Nunca será bastante considerada la caridad y dulzura que usó Jesucristo con aquel traidor, ya antes de cometer su crimen, ya en el momento de cometerlo, ya después de cometido. Desde un principio, y aún antes de escoger a Judas para uno de sus apóstoles, sabía que sería traidoramente entregado por él, y aun así lo admitió en su compañía y en su íntima familiaridad y se aplicó a instruirlo y a formarlo en el ministerio evangélico, manifestándole bondad y hasta una particular confianza, encargando a su custodia el dinero que recibía para su subsistencia y para la de sus discípulos y de los pobres. Además de las señales exteriores de amistad que le daba, no puede dudarse que por medio de su gracia no obrase poderosamente en su corazón. En la última cena le lavó los pies como a los demás apóstoles, y hasta, según el común sentir de los santos padres, y mejor apoyado sobre el relato de los evangelistas, le dio su Cuerpo a comer, y su Sangre a beber.
Jesús sentía más vivamente de lo que podía sentir otro hombre alguno la fealdad de la traición de Judas, mas no se mostró de ella sentido por sí propio, aunque en ello iba nada menos que su vida; solo fue sensible a la ofensa de su Padre, y a la pérdida de aquel infeliz, de quien declaró, que más le hubiera valido el no haber nacido. El Hijo del hombre,dijo,se marcha; mas ¡ay de aquel por quien fuere entregado el Hijo del hombre.Yo conociendo ya anticipadamente la suerte que voy a sufrir, la acepté; no tengo pues por mí el menor sentimiento, solo deploro la desdicha de aquel que me entregará.
Cuando un alma se ha entregado totalmente a Dios, y Jesucristo quiere que tenga con Él una especial semejanza, debe prepararse a sufrir de parte de sus amigos, de sus confidentes, de sus hijos espirituales, infidelidades y traiciones.

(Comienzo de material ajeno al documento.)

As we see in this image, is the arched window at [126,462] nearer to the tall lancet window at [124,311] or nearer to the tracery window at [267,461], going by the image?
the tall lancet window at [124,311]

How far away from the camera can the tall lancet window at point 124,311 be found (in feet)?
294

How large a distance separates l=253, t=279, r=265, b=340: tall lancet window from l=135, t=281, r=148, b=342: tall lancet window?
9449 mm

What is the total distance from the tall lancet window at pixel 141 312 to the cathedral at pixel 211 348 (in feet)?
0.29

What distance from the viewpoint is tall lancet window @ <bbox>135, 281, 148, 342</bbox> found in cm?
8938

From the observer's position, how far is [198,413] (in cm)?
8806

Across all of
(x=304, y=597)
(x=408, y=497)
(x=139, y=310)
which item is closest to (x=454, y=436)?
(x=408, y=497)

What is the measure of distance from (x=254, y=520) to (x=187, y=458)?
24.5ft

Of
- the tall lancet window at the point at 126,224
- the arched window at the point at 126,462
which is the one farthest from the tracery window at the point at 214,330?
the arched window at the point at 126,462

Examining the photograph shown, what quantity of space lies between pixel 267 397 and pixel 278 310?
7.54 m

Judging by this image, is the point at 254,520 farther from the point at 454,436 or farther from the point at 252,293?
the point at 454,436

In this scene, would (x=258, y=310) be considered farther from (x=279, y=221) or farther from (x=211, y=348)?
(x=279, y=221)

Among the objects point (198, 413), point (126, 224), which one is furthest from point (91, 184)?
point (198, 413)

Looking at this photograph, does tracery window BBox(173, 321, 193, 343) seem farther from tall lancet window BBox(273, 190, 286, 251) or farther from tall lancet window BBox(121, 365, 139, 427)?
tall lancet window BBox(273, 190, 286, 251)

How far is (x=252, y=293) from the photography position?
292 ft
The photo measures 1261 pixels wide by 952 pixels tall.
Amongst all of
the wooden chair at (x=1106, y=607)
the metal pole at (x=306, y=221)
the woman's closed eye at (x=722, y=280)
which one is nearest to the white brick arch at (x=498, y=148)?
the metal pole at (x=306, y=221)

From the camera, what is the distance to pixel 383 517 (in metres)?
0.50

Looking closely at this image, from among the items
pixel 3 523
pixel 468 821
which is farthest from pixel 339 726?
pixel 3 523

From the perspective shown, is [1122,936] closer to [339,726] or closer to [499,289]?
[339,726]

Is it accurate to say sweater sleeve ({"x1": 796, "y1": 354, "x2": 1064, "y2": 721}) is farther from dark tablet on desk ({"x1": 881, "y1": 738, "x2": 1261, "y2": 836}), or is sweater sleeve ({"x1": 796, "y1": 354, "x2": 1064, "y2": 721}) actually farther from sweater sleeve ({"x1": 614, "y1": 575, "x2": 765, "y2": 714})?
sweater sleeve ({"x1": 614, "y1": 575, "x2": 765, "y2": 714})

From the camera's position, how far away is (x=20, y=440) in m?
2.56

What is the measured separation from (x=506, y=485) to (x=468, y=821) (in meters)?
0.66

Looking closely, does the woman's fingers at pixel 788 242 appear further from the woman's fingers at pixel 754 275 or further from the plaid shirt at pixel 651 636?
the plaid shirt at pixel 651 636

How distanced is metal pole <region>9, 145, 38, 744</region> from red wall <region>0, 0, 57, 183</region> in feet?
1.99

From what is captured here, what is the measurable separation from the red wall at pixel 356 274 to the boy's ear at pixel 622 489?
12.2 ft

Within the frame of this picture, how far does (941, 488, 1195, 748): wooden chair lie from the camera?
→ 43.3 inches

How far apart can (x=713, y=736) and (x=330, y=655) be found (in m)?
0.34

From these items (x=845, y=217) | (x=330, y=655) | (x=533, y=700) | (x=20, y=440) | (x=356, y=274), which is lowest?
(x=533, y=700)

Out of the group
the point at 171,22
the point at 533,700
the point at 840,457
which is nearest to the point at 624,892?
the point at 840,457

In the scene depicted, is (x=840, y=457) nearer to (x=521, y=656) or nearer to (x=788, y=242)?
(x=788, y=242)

Mas Dios la predispone a ello muy de antemano por su gracia, y en la pena que por ello siente, le quita insensiblemente todo retorno a sí misma; de manera, que no considera estos malos procedimientos sino por el lado de Dios, y de las personas culpables de ellos. No tiene pues la menor dificultad en perdonarlos, en rogar por los mismos, en prestarles buenos oficios, y en darles señales de amistad. A este grado de perfección llega, cuando por una serie de pruebas y de sacrificios, han quedado extremadamente debilitados y casi extintos en ella el orgullo y el amor propio. Al mirar su semblante y su tranquilo continente se la creyera insensible; pero nada más distante de ella; la gracia no borra la sensibilidad, antes al contrario la torna más delicada y perfecta; pero la desvía de nuestro propio interés, y no la aplica sino al interés de Dios y al del prójimo. ¿Para qué ser sensible a lo que, según los principios de la religión, no es un mal para nosotros? ¿Y cómo no serlo a lo que es una ofensa para Dios, y para el prójimo una terrible desgracia?

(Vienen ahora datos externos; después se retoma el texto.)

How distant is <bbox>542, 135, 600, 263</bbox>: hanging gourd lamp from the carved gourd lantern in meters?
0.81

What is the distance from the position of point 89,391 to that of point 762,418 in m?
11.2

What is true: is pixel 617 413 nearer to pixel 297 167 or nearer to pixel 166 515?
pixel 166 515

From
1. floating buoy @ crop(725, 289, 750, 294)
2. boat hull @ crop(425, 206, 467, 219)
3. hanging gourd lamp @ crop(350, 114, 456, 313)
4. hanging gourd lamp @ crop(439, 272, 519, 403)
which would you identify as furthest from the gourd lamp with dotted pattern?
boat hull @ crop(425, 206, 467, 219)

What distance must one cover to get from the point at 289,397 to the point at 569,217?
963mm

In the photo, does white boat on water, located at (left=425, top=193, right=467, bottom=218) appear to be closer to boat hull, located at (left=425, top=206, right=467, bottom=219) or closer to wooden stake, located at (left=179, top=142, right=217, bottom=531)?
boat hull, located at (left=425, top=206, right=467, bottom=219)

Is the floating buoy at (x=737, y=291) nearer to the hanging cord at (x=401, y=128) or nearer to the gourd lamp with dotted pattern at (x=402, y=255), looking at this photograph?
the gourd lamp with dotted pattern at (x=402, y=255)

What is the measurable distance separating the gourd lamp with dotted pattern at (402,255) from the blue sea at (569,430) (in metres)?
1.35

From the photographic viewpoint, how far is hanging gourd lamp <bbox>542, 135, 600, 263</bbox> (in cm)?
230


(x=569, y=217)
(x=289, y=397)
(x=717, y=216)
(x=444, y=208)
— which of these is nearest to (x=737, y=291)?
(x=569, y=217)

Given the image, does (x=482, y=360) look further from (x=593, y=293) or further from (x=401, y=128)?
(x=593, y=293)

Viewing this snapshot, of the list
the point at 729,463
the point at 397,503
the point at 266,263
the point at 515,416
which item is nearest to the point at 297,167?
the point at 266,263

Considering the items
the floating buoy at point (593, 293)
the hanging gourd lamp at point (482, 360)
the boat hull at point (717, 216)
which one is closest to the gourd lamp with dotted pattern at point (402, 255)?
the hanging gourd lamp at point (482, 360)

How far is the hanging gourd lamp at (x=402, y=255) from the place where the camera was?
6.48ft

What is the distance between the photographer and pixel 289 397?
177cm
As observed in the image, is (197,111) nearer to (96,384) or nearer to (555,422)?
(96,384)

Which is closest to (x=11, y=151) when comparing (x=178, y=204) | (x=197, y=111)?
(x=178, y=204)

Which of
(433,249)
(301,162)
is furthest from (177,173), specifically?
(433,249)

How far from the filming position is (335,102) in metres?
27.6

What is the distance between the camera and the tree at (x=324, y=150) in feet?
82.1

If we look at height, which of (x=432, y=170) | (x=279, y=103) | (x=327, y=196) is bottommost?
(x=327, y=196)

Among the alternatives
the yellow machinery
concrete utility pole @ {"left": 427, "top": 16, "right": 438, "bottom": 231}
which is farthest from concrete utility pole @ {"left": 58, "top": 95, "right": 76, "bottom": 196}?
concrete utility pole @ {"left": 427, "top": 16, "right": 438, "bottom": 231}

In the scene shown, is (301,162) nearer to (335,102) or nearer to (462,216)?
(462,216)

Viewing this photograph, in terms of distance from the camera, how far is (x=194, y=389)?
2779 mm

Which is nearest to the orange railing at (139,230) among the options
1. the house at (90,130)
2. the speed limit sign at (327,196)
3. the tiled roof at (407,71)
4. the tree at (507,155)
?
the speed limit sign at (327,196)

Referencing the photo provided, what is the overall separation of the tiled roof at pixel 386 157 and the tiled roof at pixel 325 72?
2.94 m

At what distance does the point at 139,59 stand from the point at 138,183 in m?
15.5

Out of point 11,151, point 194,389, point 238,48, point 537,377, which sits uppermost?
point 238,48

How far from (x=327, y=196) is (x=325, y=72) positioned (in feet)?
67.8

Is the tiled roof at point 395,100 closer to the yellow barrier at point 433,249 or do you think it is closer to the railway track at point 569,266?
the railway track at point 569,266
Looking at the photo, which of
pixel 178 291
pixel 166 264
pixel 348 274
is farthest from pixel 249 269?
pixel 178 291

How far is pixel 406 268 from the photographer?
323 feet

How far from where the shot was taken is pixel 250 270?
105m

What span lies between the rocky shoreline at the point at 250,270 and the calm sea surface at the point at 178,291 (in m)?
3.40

Los que se aman a sí mismos son aún más sensibles en estas ocasiones, que los cristianos ordinarios, y no se necesita hacerles una traición como la de Judas para abrir en su corazón una llaga incurable.
Los que aspiran a la perfección, los que por su carácter o por la profesión que han abrazado están obligados a dar ejemplo a los demás, y seguir de más cerca las huellas de Jesucristo, vigilen de continuo sobre su corazón para reprimir sus más ligeros movimientos de sensibilidad, estén en vela perenne contra la aspereza y el resentimiento; no les alimenten con sus reflexiones, sofoquen estos movimientos apenas nacidos, háganse superiores a esas pequeñas incidencias que tan a menudo sobrevienen, a fin de obtener la gracia de vencerse en las grandes, que son raras. ¿Cómo se perdonarán insultos, desprecios, agravios del prójimo, cuando tanto resentimiento se demuestra por una palabra que escapó, por una desatención? ¿Y de cuánta dulzura se necesitará para con los Judas, si ninguna se tiene con las personas a quienes no puede echarse en cara sino ligeras faltas de caridad?